Fetches your favorite ISOs automatically

Primary LanguagePython

What is it?

LootGoblin is an automated script that looks for latest iso images of your favourite distros and fetches them. This is early alpha quality, so be warned. Goblins ahead ;)

What is the use-case ?

If you are not a 24/7 sysadmin, but occasionally has to reinstall/fix/disaster-recover systems once or twice a year - you know that the show starts with you fetching the latest iso image before booting the system. With this script you will always have fresh iso images at hand.

Can it download Windows?

No. Since I’m too lazy for NIH syndrome to hit me - use this bash script.

https://github.com/ElliotKillick/qvm-create-windows-qube/blob/master/windows/isos/mido.sh

Be warned, that MS arseholes not only make it hard to get the latest iso, but also like to blacklist IPs just 'cause they think they don’t like you or because of political bullshit.

Okay, how to use it?

First steps

The script needs at least a config file passed via --config myconfig.yaml. It also accepts --test (that only prints files that would be downloaded) and --destination /where/to/store/iso

Now, open up config.yaml and have a look. Perhaps you distro is already there. If not, here’s a simplest config sample:

freepbx:
  url: https://downloads.freepbxdistro.org/ISO/
  pattern: SNG7-PBX16-64bit-{version}.iso
  constraints:
    version: "latest"

Every toplevel section config is a repository to check for files for download.
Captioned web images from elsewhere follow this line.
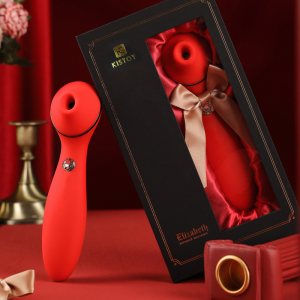 KISTOY伊丽莎白按摩震动棒秒爱潮神器女性用品性用具自慰器跳蛋舔吸允器振动棒情爱玩具成人情趣性用品仿真阳具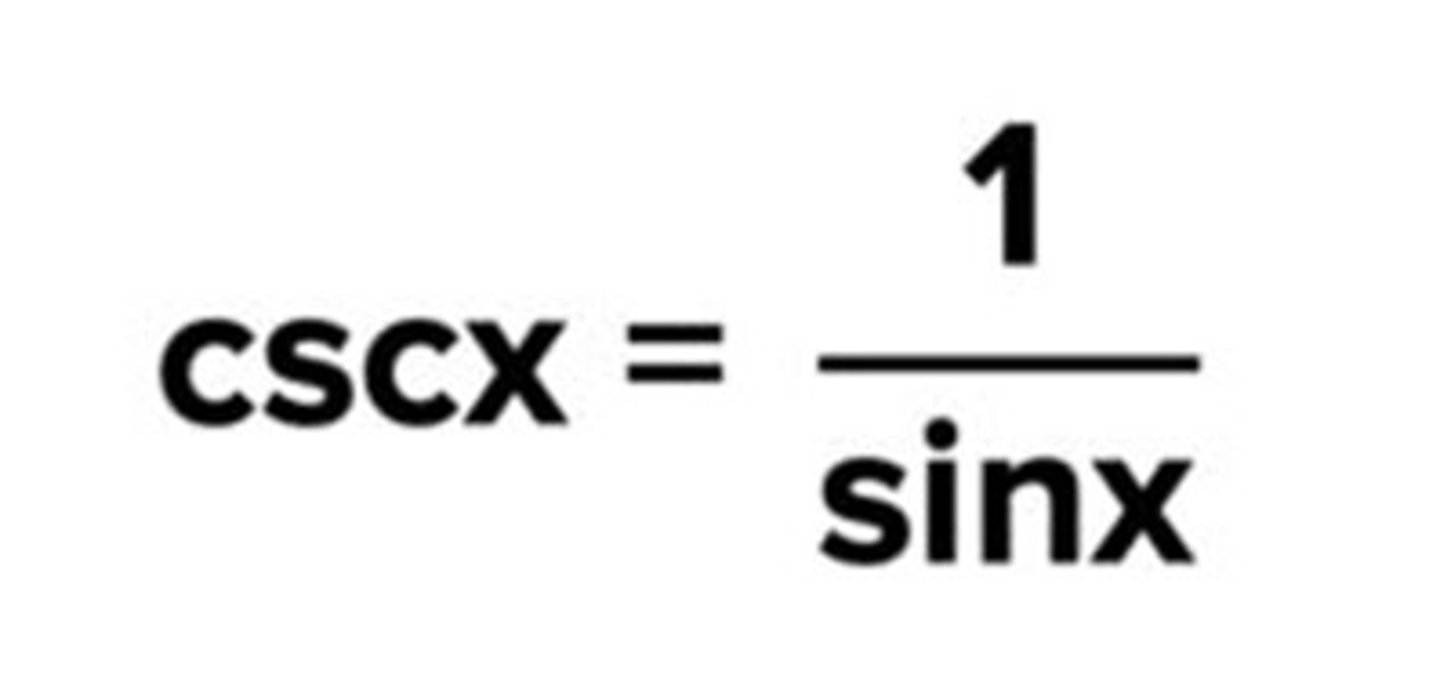 <p>cscx = 1/sinx</p>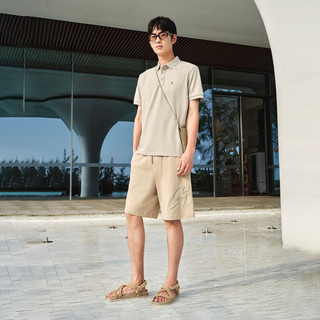 杰克·琼斯（JACK&JONES） 春季多色可选胸前刺绣基础百搭翻领短袖polo衫男225106011 伦敦雾C02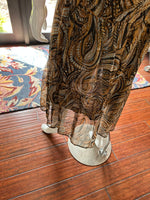Elan Brand Brown Paisley Dress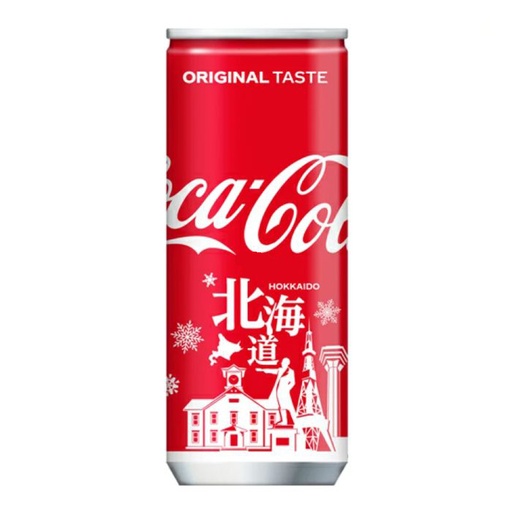 [3668] Coca-Cola Hokkaido Limited Original Taste 250 ml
At most you’ll need a url for the page with iso listing and the pattern. Pattern follows the python’s 'parse' module conventions. After parsing available ISOs, constraints are applied for every variable in constraints section. These can be used to filter actual files for download. In this example we only use version constraint. Setting it to latest tells the script to find out the latest version available.

Now run lootgoblin.py --config myconfig.yaml --test. You will see something like this:

necromant@moonshadow:~/Projects/latest_iso/lootgoblin$ python3 lootgoblin.py --config myconfig.yaml --test
Fetching file listing: https://downloads.freepbxdistro.org/ISO/

Config section 'freepbx'
  https://downloads.freepbxdistro.org/ISO/SNG7-PBX16-64bit-2306-1.iso
necromant@moonshadow:~/Projects/latest_iso/lootgoblin$

If these are the ISO’s you want, things are going well.

Handling subfolders

Sometimes listings have subfolders you have to traverse to. You can use maxdepth for that.

Warning
This logic is very hacky right now, and it doesn’t check content-type when fetching index files. Just a file extension blacklist. Tripple check that it won’t try to fetch huge file as an index file. This should be fixed ASAP in future versions.

Here’s a simple example:

virtio:
  url: https://fedorapeople.org/groups/virt/virtio-win/direct-downloads/archive-virtio/
  maxdepth: 2
  pattern: virtio-win-{version}.iso
  constraints:
    version: latest

Handling multiple architectures

Constraints can have a list of valid values. gparted live is a good example. Here we download amd64 and i386 images.

gparted:
    url: https://gparted.org/download.php
    pattern: gparted-live-{version}-{patchlevel:d}-{arch}.iso
    constraints:
      arch:
          - amd64
          - i386
      version: latest

Handling build dates, excluding paths and other magic

Constraints can get difficult, if ISOs of the same version have date fields. Just like version, these can have 'latest'. But for these to work you’ll also have to provide date format. Apparently, since date parsing in python’s parse turned out to be broken, date format is provided in a separate section.

Here’s an example for BlissOS ISO images, that have so far been the most difficult to implement:

bliss:
    # Specify one (str) or more (list) base URLs to look for iso images
    url: https://sourceforge.net/projects/blissos-x86/files/Official/
    # Filename pattern. The pattern may have constraints applied via constraints section
    pattern: Bliss-v{version}-{arch}-OFFICIAL-{flavor}-{date}.iso
    # Allow to follow the links in search of iso images. The depth will be limited
    maxdepth: 3
    # Only iso URLs containing one of the following strings will be considered
    consider_paths:
      - /FOSS/Generic
    # URLs having these in them will be totally avoided. Can be used to speed up
    # recursive iso lookup
    avoid_paths:
      - /Gapps
      - /Vanilla
      - /Surface
      - /stats
      - /OpenGApps
      - /Archive
    # Specify the date format used in filenames (Used only when {date} present in pattern)
    dateformat: "%Y%m%d"
    # Apply constraints to the parsed format. {date} and {version} are special, if present
    # You can specify special keyword 'latest'
    # version is compared using python's packaging.version module
    # date are the same, except every considered version may have a different 'latest' date
    constraints:
      arch:
          - x86_64
      flavor: foss
      version: latest
      date: latest

TODO

  • ✓ Put it up on github

  • ❏ Write pyproject.toml and upload to pypi

  • ❏ Refactor ISOTreasury() class and move some logic into Artifact() class

  • ❏ Make it actually check content-type header instead of blacklisting file extensions.

  • ❏ Make it follow robots.txt

  • ❏ Implement automatic removal of outdated iso images

  • ❏ Add docker container